Le frittelle

Scrivo queste righe senza occhiali per non poterle rileggere per non poter sentire odori sapori profumi aromi consistenze ricordi anche con la rilettura.
Perché ci sono cose ancestrali che non vanno riportate alla memoria spesso, vanno lasciate lì come quella cosa soffice e nascosta in un angolo di noi (nel cuore?) a cui si volge lo sguardo nei momenti estremi, nei momenti difficili, una di quelle immagini che fanno sì che si sciolga il cappio e si vada a mettere una zuppa sul fuoco. Ed è l’immagine di te nonna che seduta in cucina, tra le ginocchia una pentola alta e robusta, con fatica mescoli l’impasto delle frittelle, di te che poi ne arrotoli un poco di impasto sul mestolo e con l’unghia lo fai precipitare nell’olio bollente, te che cambi l’olio spesso perché nessun tovagliolo conserverà traccia di unto, di te che le guardi una a una per decidere quale sia l’istante giusto per tirarle fuori di lì e posarle sul vassoio, e i vassoi con le montagnole di frittelle veneziane una sull’altra e tu che passi col setaccino dello zucchero a velo, l’odore nella cucina il sorriso di chi ce l’ha fatta un’altra volta, e io lì sullo sgabello schiena al termosifone che mi mangio l’impasto crudo rimasto nel fondo della pentola e tu che mi dici dài lascia stare ti fa male è crudo, guarda quante ne ho fatte!

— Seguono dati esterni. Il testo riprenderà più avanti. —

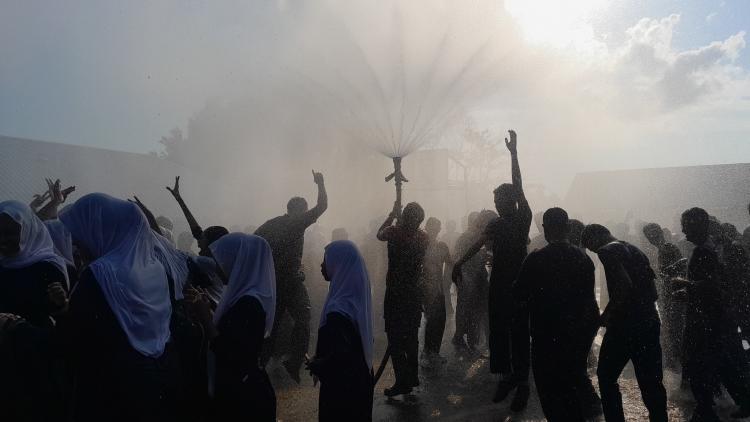 Viral! Perpisahan Unik SMPN 13 Bintan Utara, Libatkan Damkar dengan Semprotan Air ala Bollywood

Allora guardando quell’immagine, quando ancora la tua cucina aveva una luce che la inondava e le piastrelle dicevano di noi, allora capisco il perché io sia così orribilmente selettiva, solo certe frittelle di certi laboratori, mai frittelle solo perché le chiamano così.
C’è qualcosa di ancestrale che di fronte a una frittella mi porta alla tua fatica e alla tua soddisfazione come a qualcosa di inevitabile, imprescindibile, nel fare e nello scegliere le frittelle.
Nel fare e nello scegliere le cose della vita.